Is your DataWarehouse a success?

How do you measure Datawarehouse (DW) effectiveness?

How do you know your DW is a success?

What are metrics to measure a DW?

This post outlines my thoughts around answers to above question:

There are two components to DW or also commonly called as Business Intelligence (BI) teams.

1) DW/BI Platform ( RDBMS, MPP systems, OLAP Cubes servers, Data Pipeline Servers, Reporting)

These are infrastructure or platform on which DW and BI systems are build.

3 possible metrics for Platform could be:

  1. A) Weekly Data processed: To show scale of the platform
  2. B) Weekly cost per TB of Data Processed: To show efficiency of the platform.
  3. C) Availability: Platform is available X % in a week.

2) DW/BI Engineering:

This area focuses on  building actual DW and BI systems and are difficult to measure.
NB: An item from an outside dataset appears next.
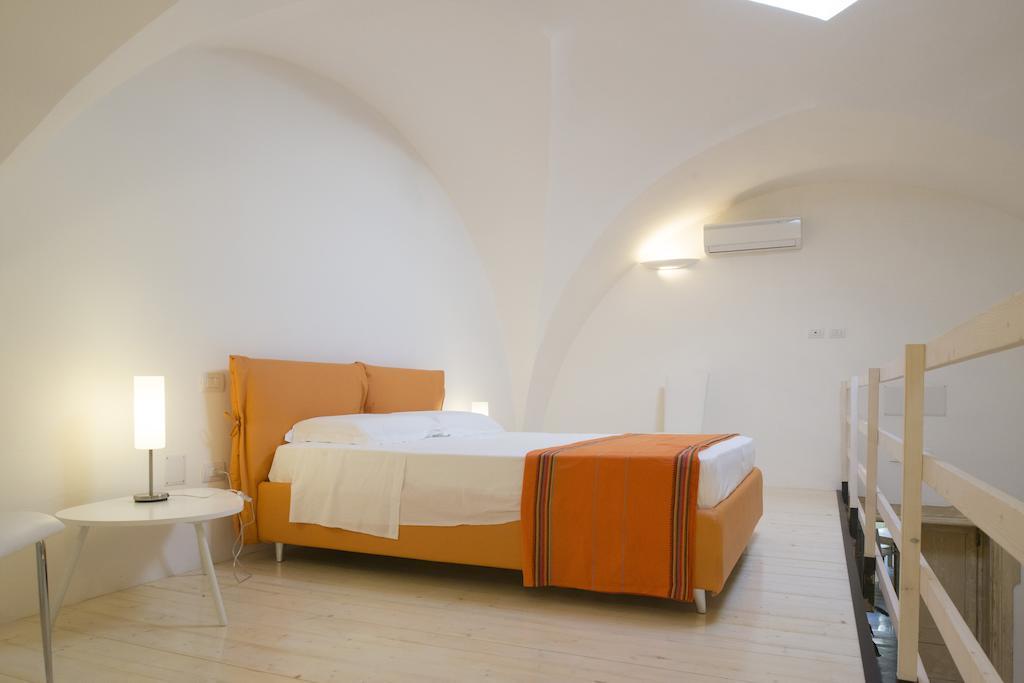 مبيت وإفطار غالّيبولي Relais Carlo V - Palazzo Storico الغرفة الصورة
I think there are 3 good metrics for DW/BI:

a) Return on Investment (ROI):

Does customers of DW/BI feel they can make decisions using DW/BI. This one is difficult to measure & usually DW/BI teams take more practical approach of customer engagement, where depending on how many teams in a company are using DW/BI in last 6 months or how many Active users access DW/BI weekly.
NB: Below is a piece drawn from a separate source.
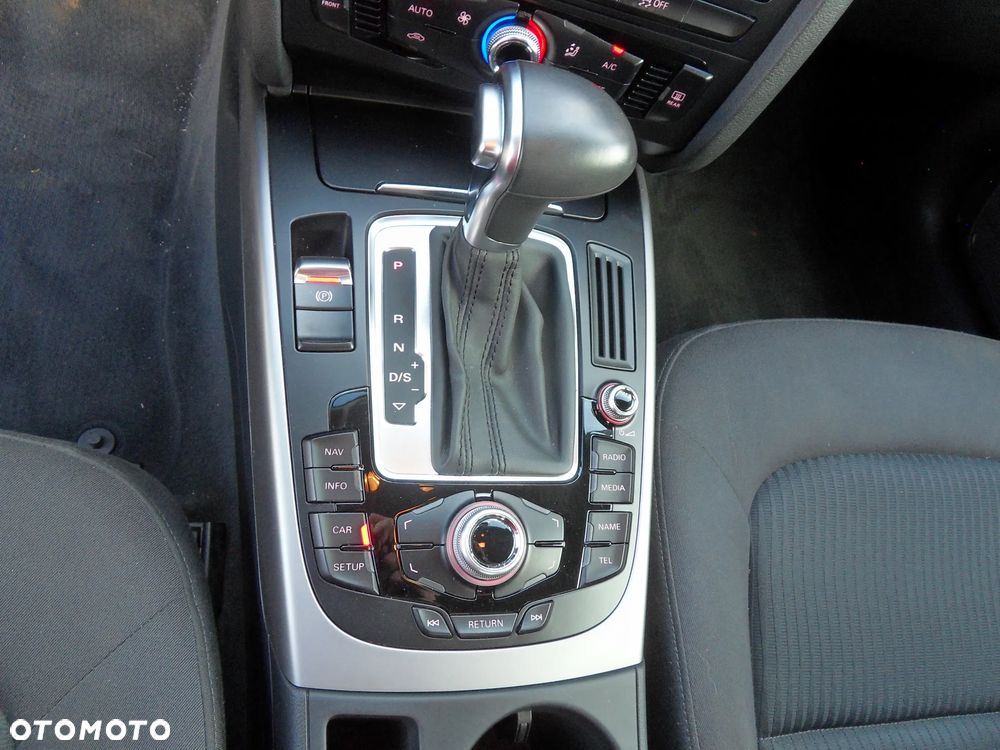 Audi A4 Limousine 2.0 TDI DPF clean diesel multitronic S line Sportpaket - 23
Active users are users who do reads, or writes with ADW, RedShift or Cubes or Cognos reporting etc.

For example: -We have X number of distinct teams in company using DW/BI -We have X number of Weekly Active Users

-We have X number of all-time users.

b) Service Level Agreement (SLA):

This is an important measure for customers of DW/BI. Each DW/BI customer like Business teams, Engg. teams, Data Science teams, Experimentation teams want data to be available post transformations by certain time of each day.
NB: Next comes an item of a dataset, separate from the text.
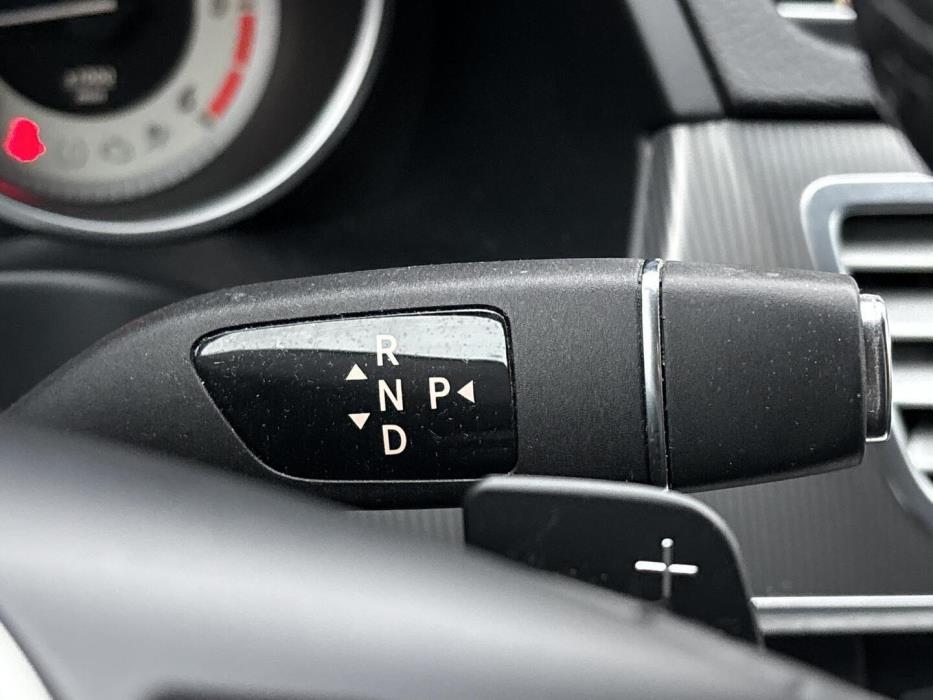 MERCEDES-BENZ E 2015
-We have 99%  or X % SLA meet in DW/BI in AWS environment. SLA is usually 8 AM PST.

c)Time to Insights (TTI):

Another very critical measure for DW/BI. If data retrieval from DW is not easy or takes hours or days (from Transaction DBs to Actual Facts/Dims in DW) than DW/BI is not performant. - We process each days of data in ~X hours today, so data is available by 8 AM PST - We support more than X hourly refresh cycles in DW for important use cases - Users can get insights from DW in minutes. - Users can get insights from OLAP Cubes (Self-serve) in seconds.​

Hope it helps, do comment and share thoughts.